Red Pocket Mobile soft-launched about two weeks ago, according to Max Smetannikov, vice president of business development for Global Advertising Strategies, which specializes in helping MVNOs market to multicultural groups. At the Informa MVNO Sustainable Business Models conference, Smetannikov said that Red Pocket would begin a major marketing push in Chinese-language media today. He added that out of “several thousand” handsets that already had been provided to distributors in New York, Los Angeles and San Francisco, “half the product is gone.”

Smetannikov said that the 4 million Chinese-Americans in the United States make an estimated 150 million minutes worth of calls home each month, and that the demographic is particularly well educated and wealthy. Red Pocket will be a prepaid service that allows its customers to directly dial international calls with no extra steps. Red Pocket will let its customers “use a cell phone like a normal person and call internationally and not lose your shirt,” Smetannikov said.

The service will run on Cingular Wireless L.L.C.’s GSM network and is offering two Motorola Inc. handsets, the Razr (for $200) and the C139 (for $50). Both phones will come with factory-installed Chinese menus, and customers will be able to get mobile content in Chinese, Smetannikov added.

The company is named after the traditional red envelope in which the Chinese distribute money to friends and family during New Year celebrations.

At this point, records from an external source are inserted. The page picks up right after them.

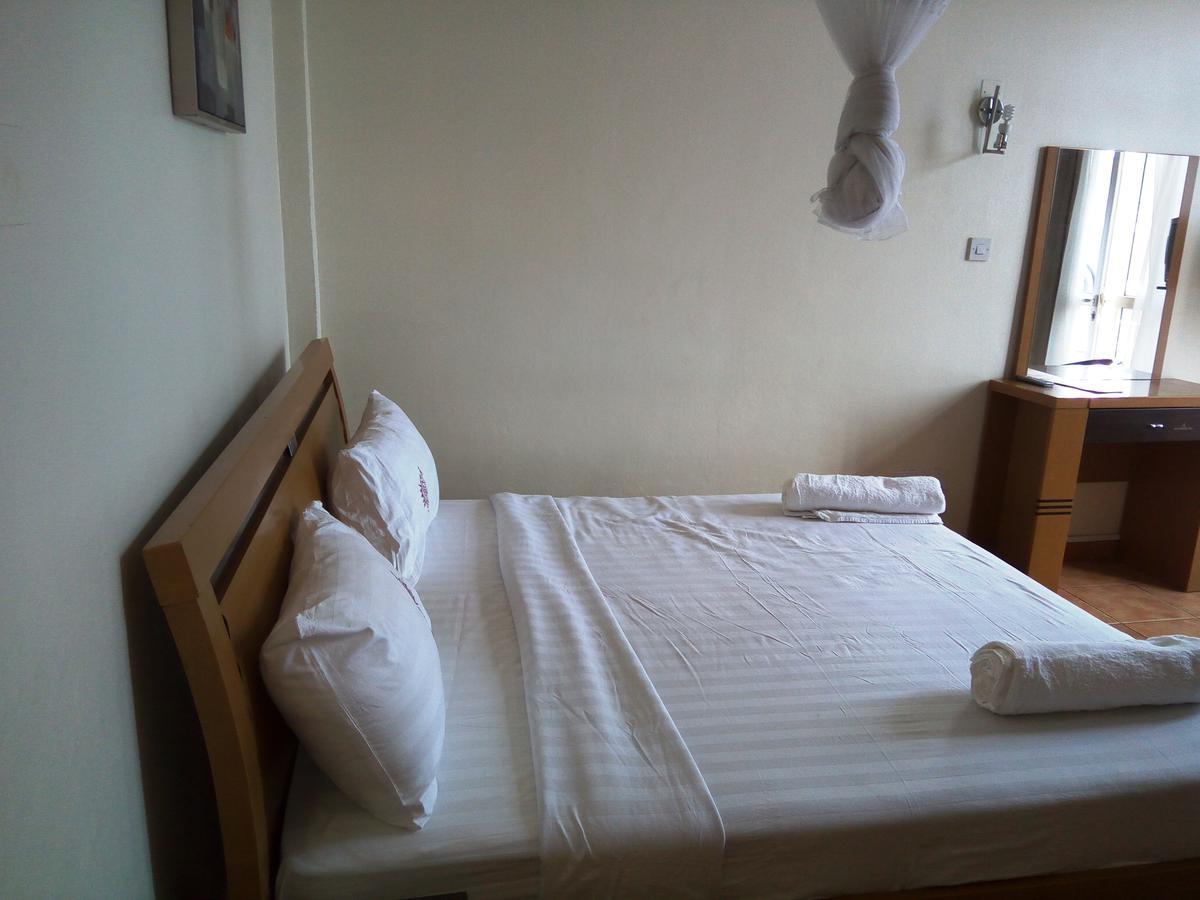 Aponye Hotel 坎帕拉 外观 照片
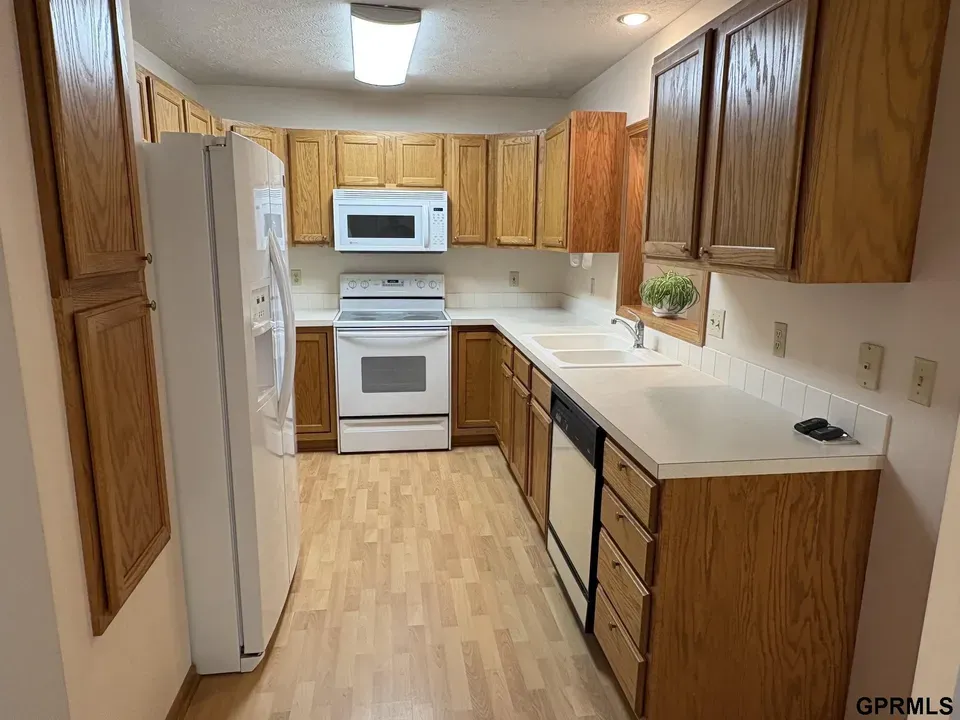 2 Bed 2 Bath Established Multi-Level Townhouse in Lincoln, NE - 3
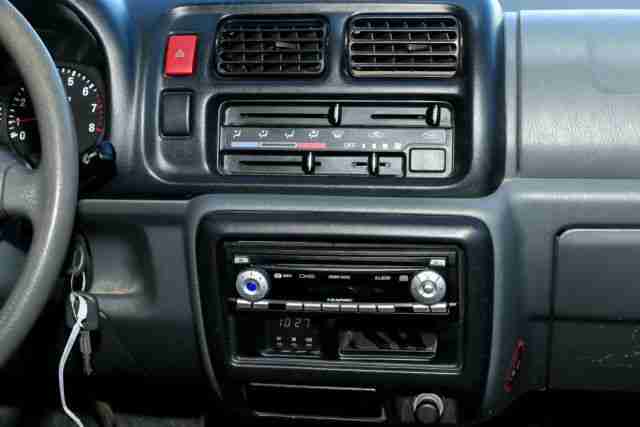 Suzuki Jimny 1.3 Free, Allrad, AHK uvm.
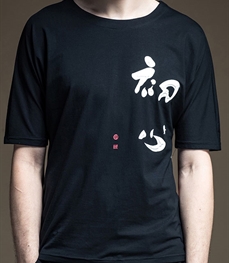 市场上装-T恤-时尚男装t恤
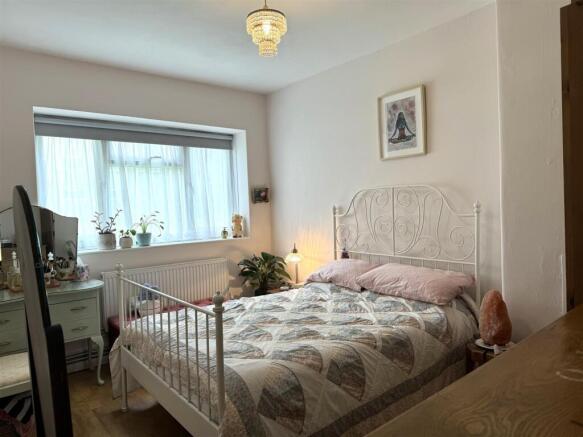 Bedroom.jpg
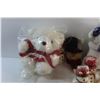 Image 4 : Christmas Candles, Plush Toy and Ornaments
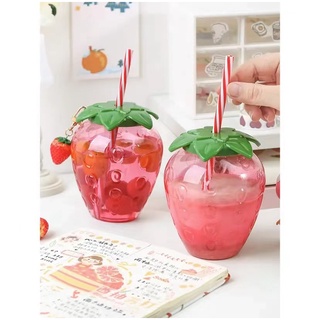 (NDM84) strawberry juice glass แก้วสตรอเบอร์รี่ ผลไม้ ทรงสวย สีใส ขนาด500ml. แถมฟรี!! หลอด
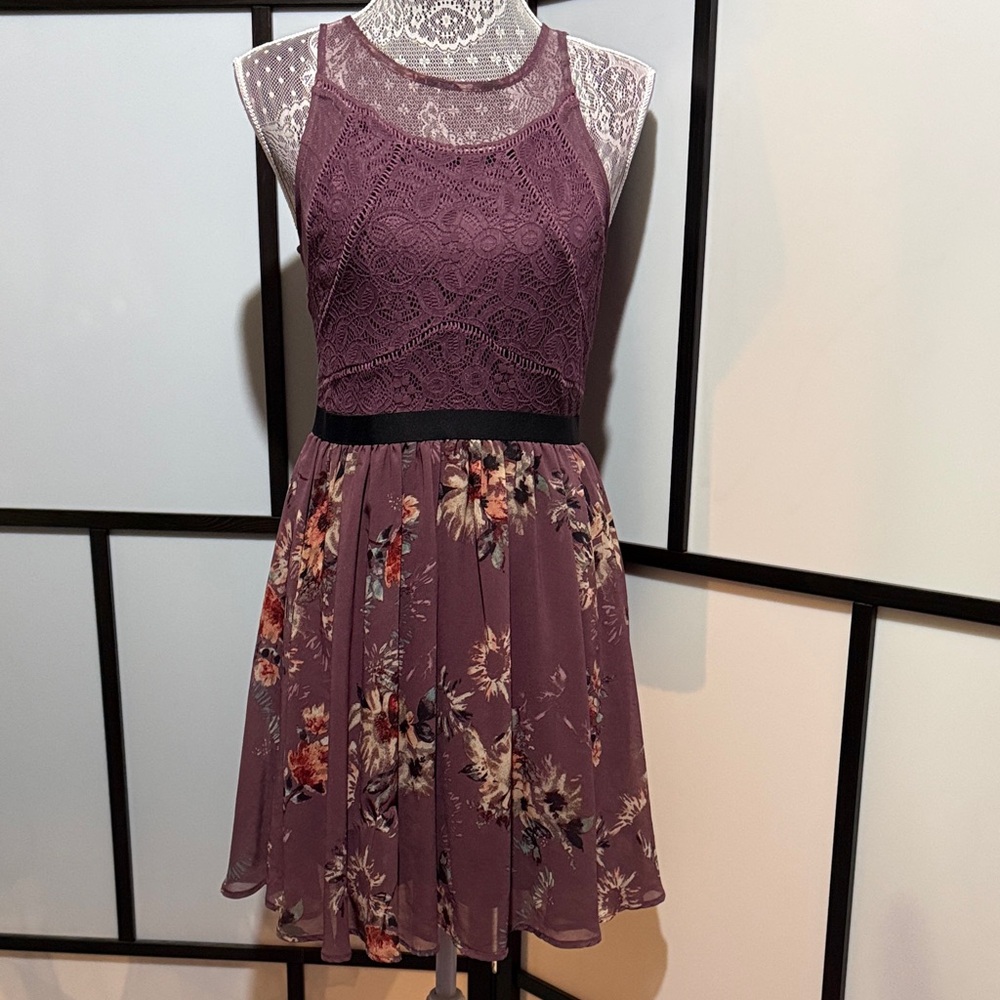 Xhilaration Plum Lace Bodice Floral Mini Dress with Black Waistband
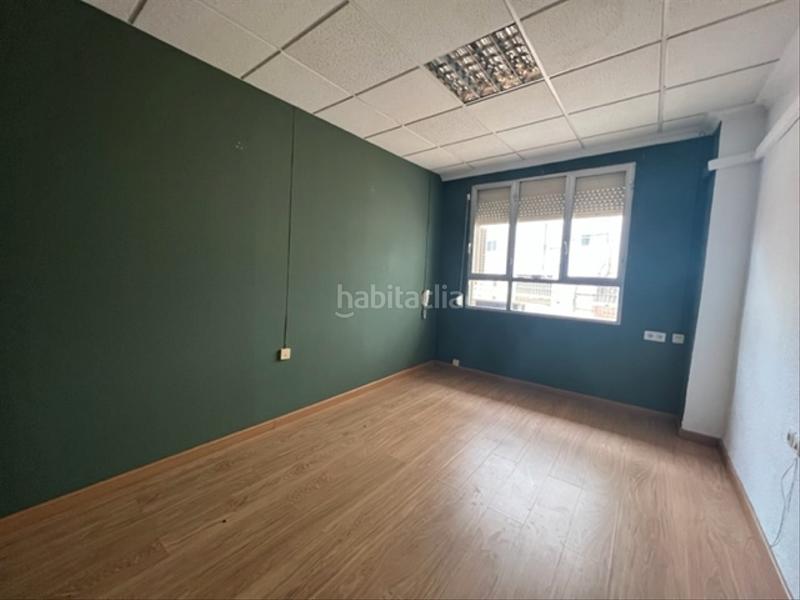 Foto 999c4b06-8786-4256-8eac-b6786cfe3af2. Location local commercial dans paseo de san gregorio 85 dans Puertollano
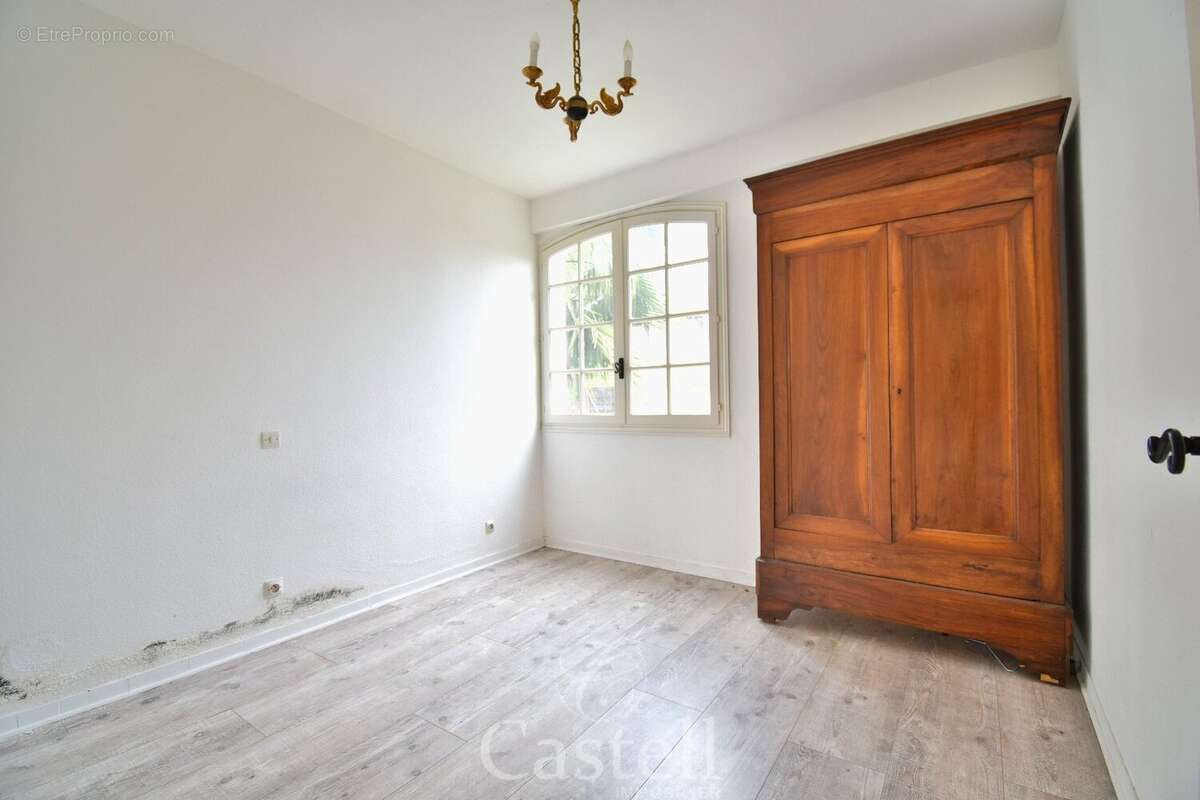 *** Maison "8 pièces" avec T3 indépendant, piscine et vue dégagée sur l'Hérault *** - photo 17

The company’s logo is based on a stamp that, up until recently, Chinese citizens used in lieu of a signature, according to Smetannikov.

Red Pocket Mobile’s goal is to have about 100,000 subscribers by the end of 2008.

Since we’ve already got Helio, which is nominally targeting Korean Americans (and trendy youth in general),it makes sense to have an MVNO for the much larger and more influential Chinese American demographic.